Given material:
◆ ◆ ◆ ◆

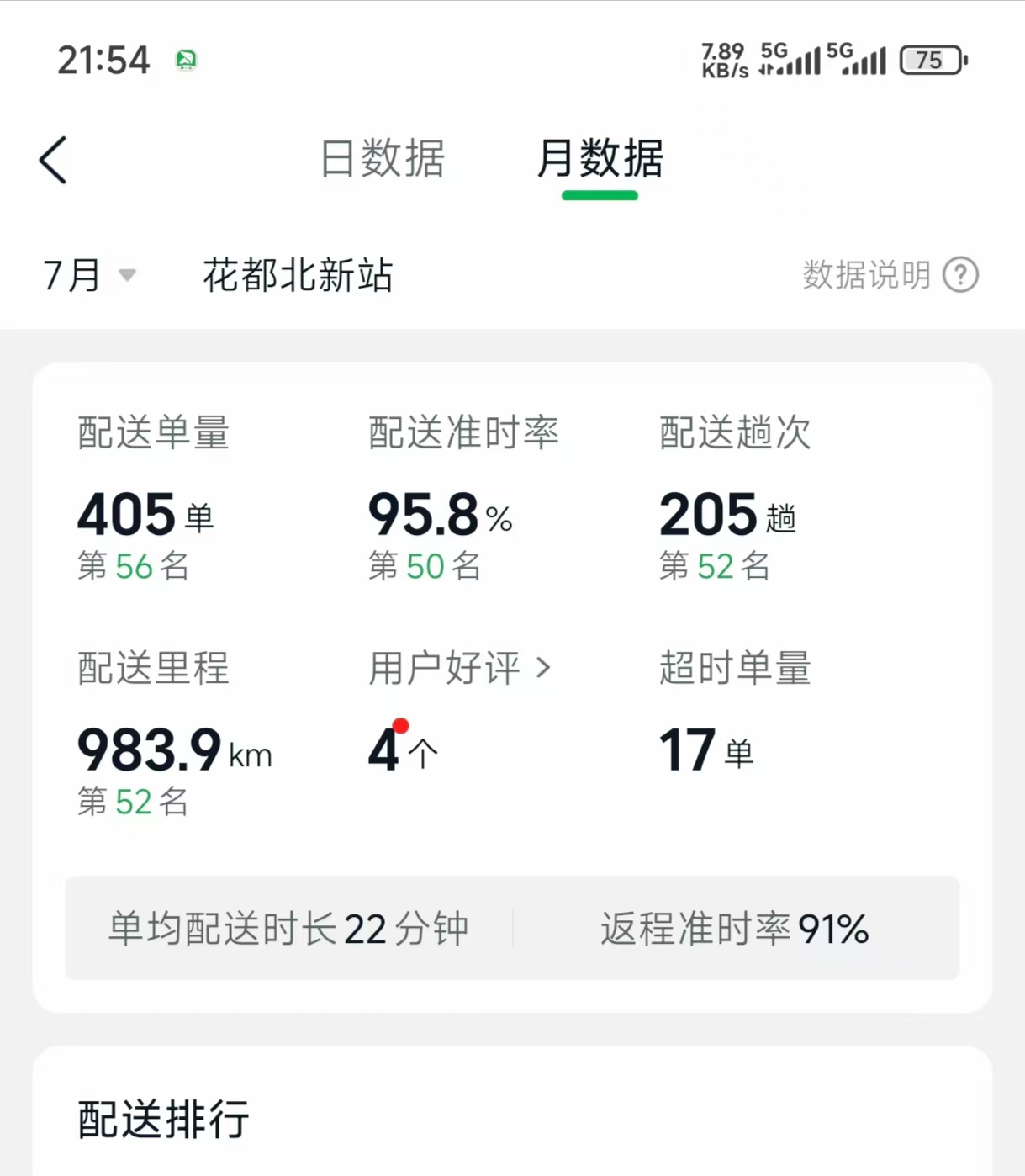 51助手下载官网：00后骑手入职美团遭遇收费陷阱，43天倒贴2000元的真实经历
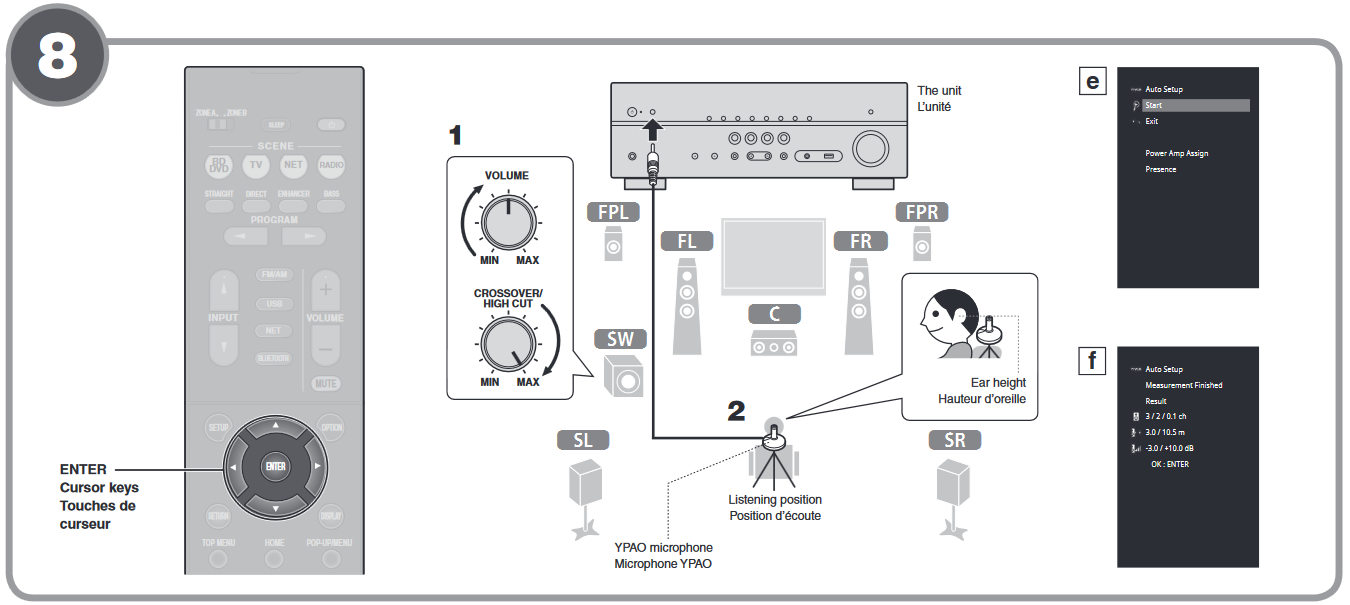 YAMAHA RXV581, RXV481/D, HTR5069/4069, TSR5810 Easy Setup Guide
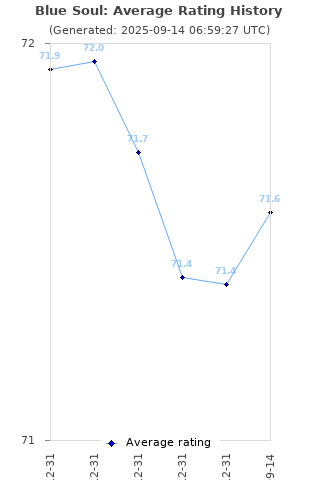 Average rating history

◆ ◆ ◆ ◆

Your goal: Output the full material above exactly, leaving every picture out.

Expected output:
 51助手下载官网：00后骑手入职美团遭遇收费陷阱，43天倒贴2000元的真实经历
 YAMAHA RXV581, RXV481/D, HTR5069/4069, TSR5810 Easy Setup Guide
 Average rating history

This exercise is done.